[Exercise materials]:
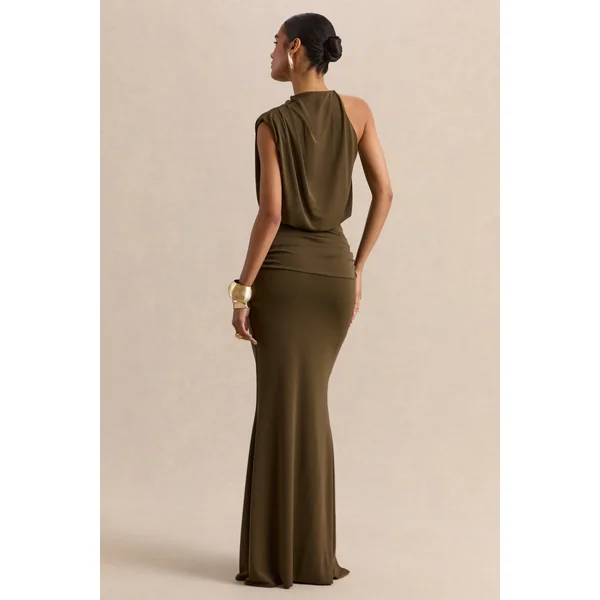Umaira | Robe longue kaki à encolure haute
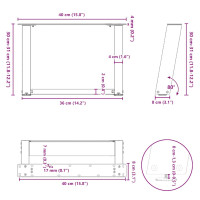 Produktbild för Soffbordsben U-formade 2 st antracit 40x(30-31) cm stål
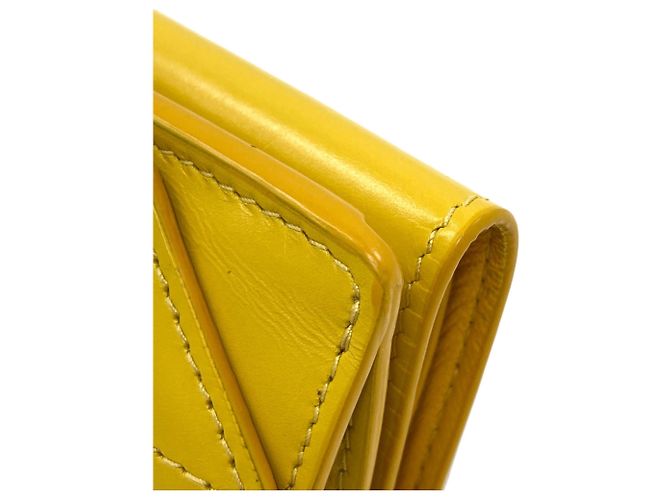 Portefeuille pliable en cuir jaune Balenciaga - vue 20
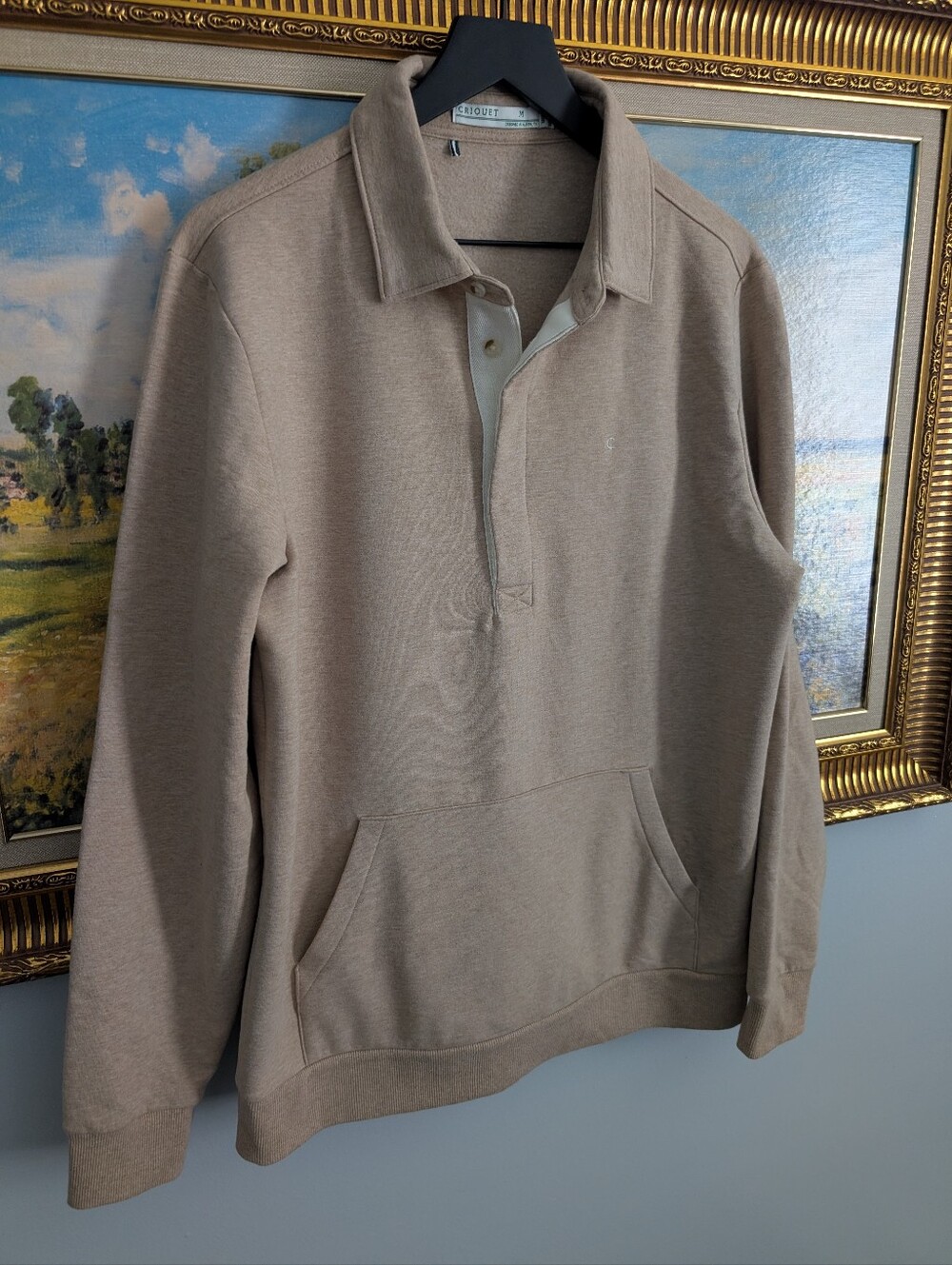 Criquet Taupe Terry Polo Pullover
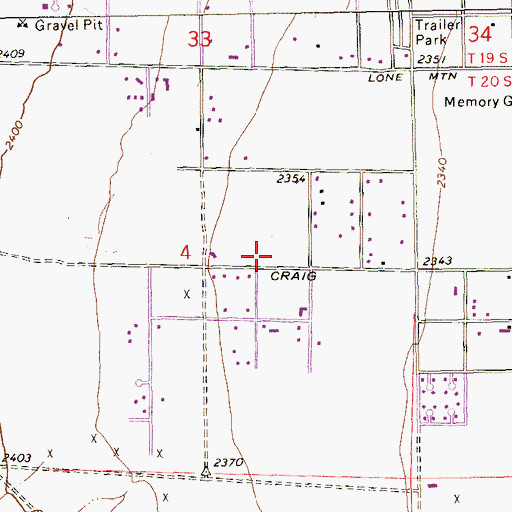 Topographic Map of West Craig Road Baptist Church, NV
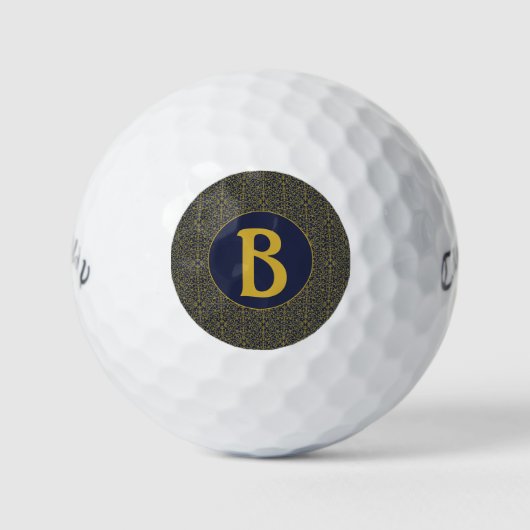 Elegante Blauwe en Gouden Filigrein Initialen Golfballen (Voorkant)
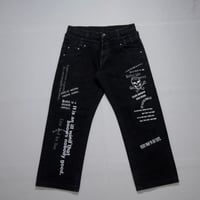 USED Skull&Proberbs Design Denim Baggy Pants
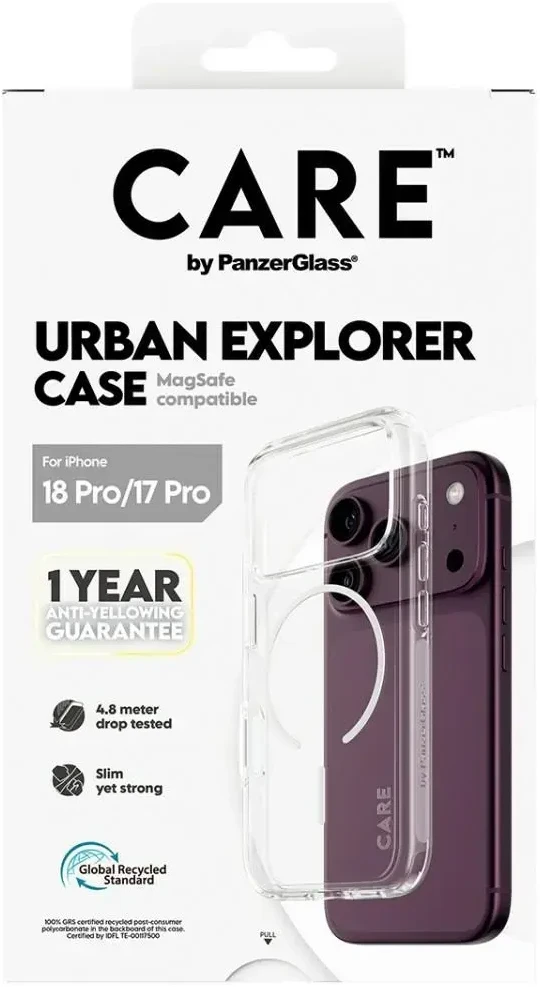 Dėklas Panzer Glass Case CARE by PanzerGlass Urban Explorer Baltas MagSafe for iPhone 18 Pro / iPhone 17 Pro transparent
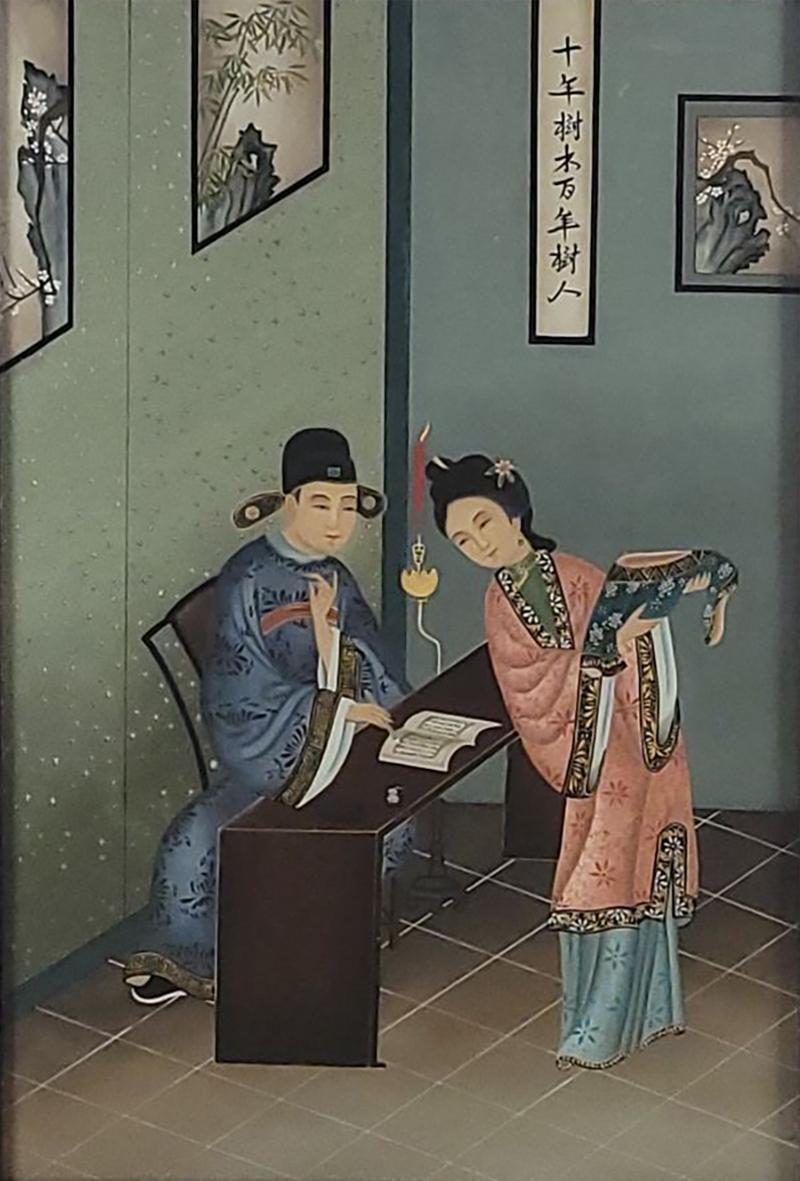 Reverse Glass Painting China circa 1900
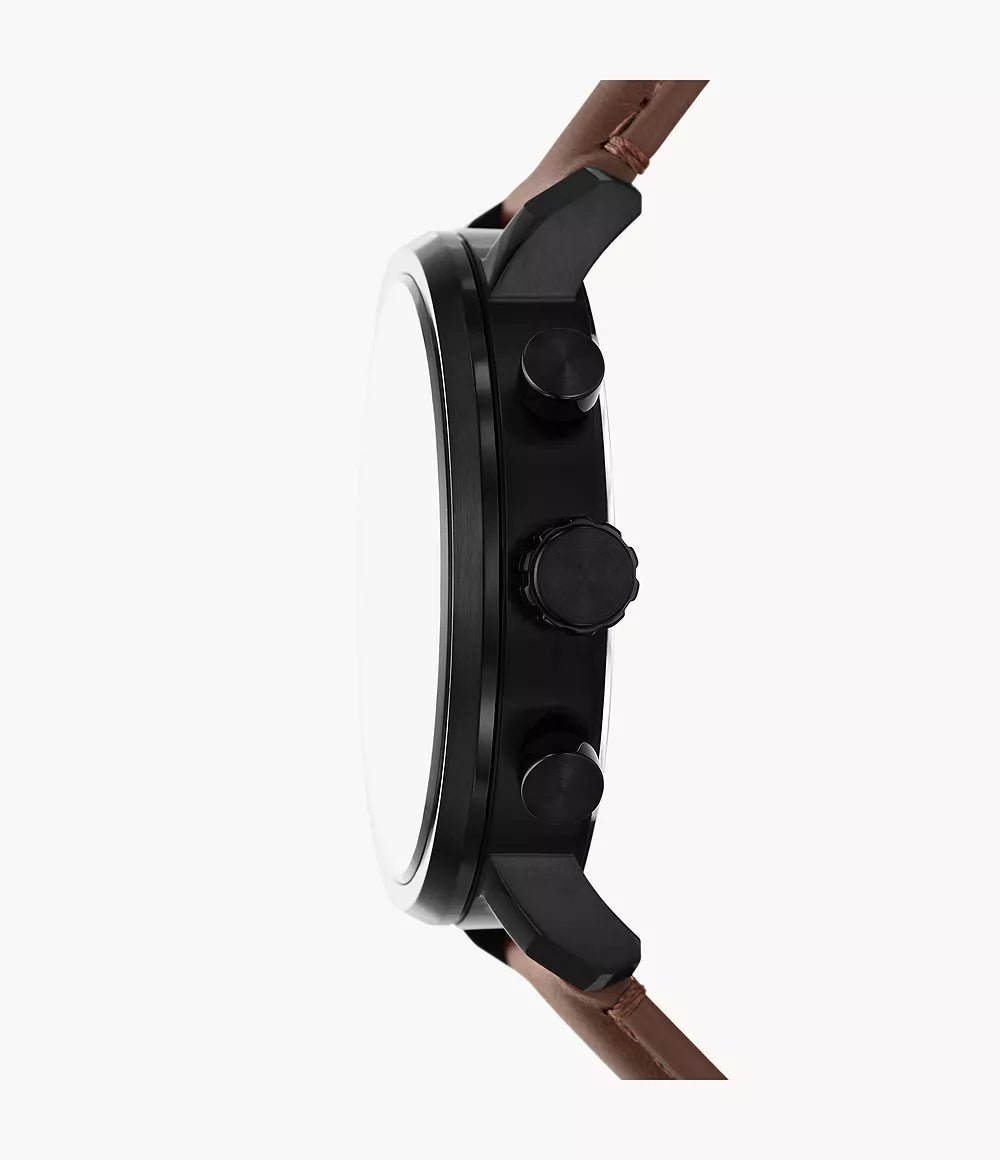 DE Reloj Fossil Rhett Hombre Correa Cuero Marrón - Vista lateral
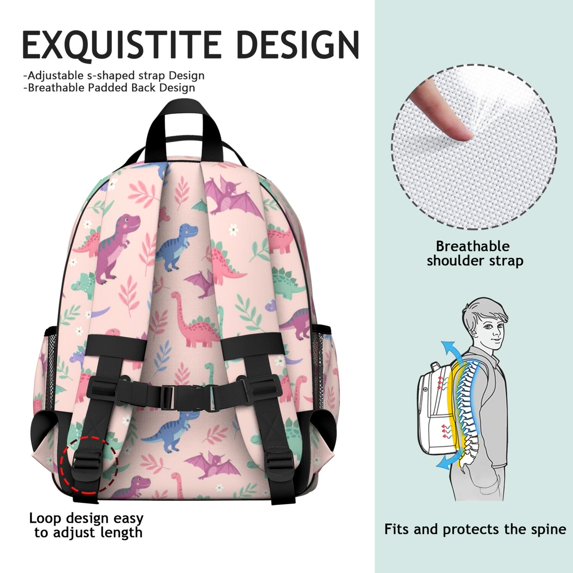 Pink Cartoon Dinosaurs Leaves Pattern Cute School Backpack Bag for School with Padded Back and Adjustable Shoulder Straps 15.25"x11.5"x5.25"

[Task to carry out]: Leave out the pictures, then repeat the listing above exactly from its first line to the line with "Dėklas Panzer Glass", inclusive.

[Task solution]:
Umaira | Robe longue kaki à encolure haute
 Produktbild för Soffbordsben U-formade 2 st antracit 40x(30-31) cm stål
 Portefeuille pliable en cuir jaune Balenciaga - vue 20
 Criquet Taupe Terry Polo Pullover
 Topographic Map of West Craig Road Baptist Church, NV
 Elegante Blauwe en Gouden Filigrein Initialen Golfballen (Voorkant)
 USED Skull&Proberbs Design Denim Baggy Pants
 Dėklas Panzer Glass Case CARE by PanzerGlass Urban Explorer Baltas MagSafe for iPhone 18 Pro / iPhone 17 Pro transparent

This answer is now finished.